Le combat de Marcel Lindsay Noë va bien au-delà. Il relève de la préservation d’un patrimoine que représente le chantier Lamarque à quelques encablures du Bato Ros (toujours en face de la mer), un monument-hommage à Rémy Ollier (6 octobre 1816-26 janvier 1845), militant infatigable au service des plus démunis, qui pendant sa jeunesse habitait Grand-Port. Un monument représentant un navire arborant fièrement sa voile réalisé par feu Emmanuel Juste pour le compte du Cercle Rémy Ollier et inauguré le 6 octobre 1966 par D. Basant Rai, président du conseil de district du sud à l’occasion du 150e anniversaire de sa naissance. Marcel Lindsay Noë raconte comment SPES a sérumisé le chantier : «Quand le financement fut obtenu, par un généreux don de Monsieur Gaëtan Langlois, fondateur de l’ONG SPES, pour la construction d’un bateau Zéro Pollution, la décision fut prise d’en effectuer la construction sur le chantier de Gervais Lamarque afin de donner du travail à un nombre d’ouvriers au chômage technique... et aussi pour donner vie à ce chantier mythique. La construction dura 6 mois et entre Pierre, Hervé Sénèque et Gervais Lamarque, le rêve devint réalité.»

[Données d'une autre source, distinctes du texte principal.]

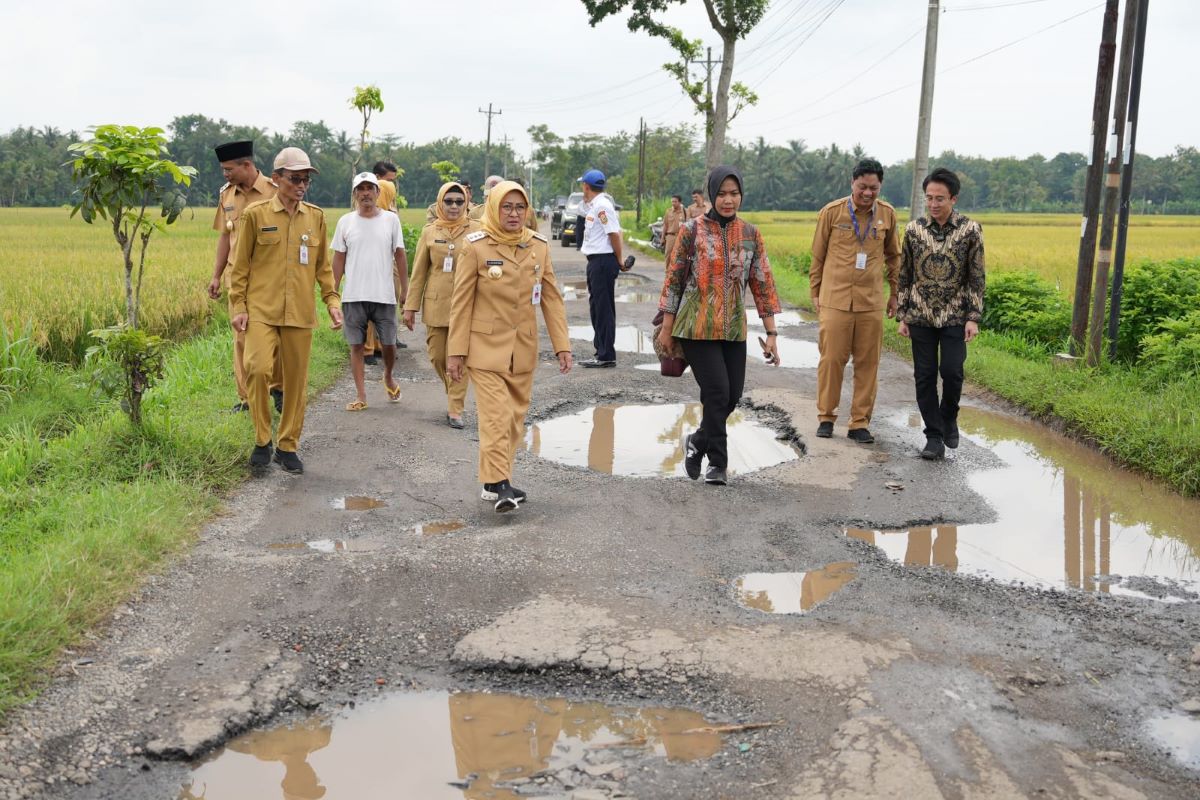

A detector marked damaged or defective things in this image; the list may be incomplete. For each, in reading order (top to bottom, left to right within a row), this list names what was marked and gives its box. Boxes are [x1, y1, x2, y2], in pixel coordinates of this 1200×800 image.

pothole [523, 402, 796, 479]
water-filled pothole [525, 402, 796, 479]
damaged road [2, 241, 1200, 796]
water-filled pothole [854, 402, 1200, 597]
pothole [859, 410, 1200, 597]
water-filled pothole [724, 563, 859, 614]
pothole [729, 563, 854, 614]
water-filled pothole [176, 690, 720, 796]
pothole [181, 690, 729, 800]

Et pour l’avenir : «Il faudrait maintenant, trouver du travail pour ce chantier du patrimoine... comme, par exemple, la reconstruction d’une ‘Yole’ comme celle dont s’était servi Mahé de La Bourdonnais quand il effectua la traversée de La Réunion à Maurice en 1723. Il faudrait sérieusement faire revivre les régates de pirogues traditionnelles.»

Enter Philippe Cervello

Il faut dire que pendant la construction de bateau Zéro Pollution, Gervais Lamarque a eu une commande pour une pirogue spéciale venant de Philippe Cervello (ancien patron de Publico) qui, depuis des années, a quitté la ‘civilisation’ pour le Sud afin de devenir un véritable loup de mer et pour qu’il puisse sillonner de temps en temps l’océan afin de «vivre autrement». Philippe Cervello ne cesse de vanter les mérites et les qualités de Gervais Lamarque.«Gervais Lamarque regarde un arbre, imagine une pirogue, la construit, fabrique le gréement et les voiles, équilibre l’ensemble sur l’eau et atteint le Graal. Cet instant magique où l’eau, le bateau, le vent et les voiles chantent en chœur. Et c’est possible parce que les lois de la thermodynamique sont respectées dans l’eau comme dans l’air.»

En fait, il reste pantois devant ce qu’il considère comme la science infuse de son ami Gervais : «Ce qui est remarquable, c’est cette connaissance, d’un bout à l’autre de la chaîne, qui lui a été transmise par son père. Gervais l’a préservée et l’a enrichie. La perfection qu’il recherche pour que la mer s’ouvre et se referme harmonieusement autour du bateau, la ligne de flottaison qu’il trace à terre parce qu’il sait déjà comment flottera la pirogue qu’il lui suffira de regarder naviguer avec les voiles pour savoir comment l’équilibrer.»

Gervais Lamarque est déjà passé à la postérité quand Alix Le Juge, artiste-peintre, dont le père, le capitaine Le Juge, a été l’ami de son père Moïse, lui a consacré un bel ouvrage intitulé Un souffle de l’arbre… la construction d’une pirogue de régates. Des esquisses pour raconter l’histoire d’une pirogue nommée l’Esperance et l’artiste cite volontiers Gervais : «À l’arbre mort, nous redonnons la vie.»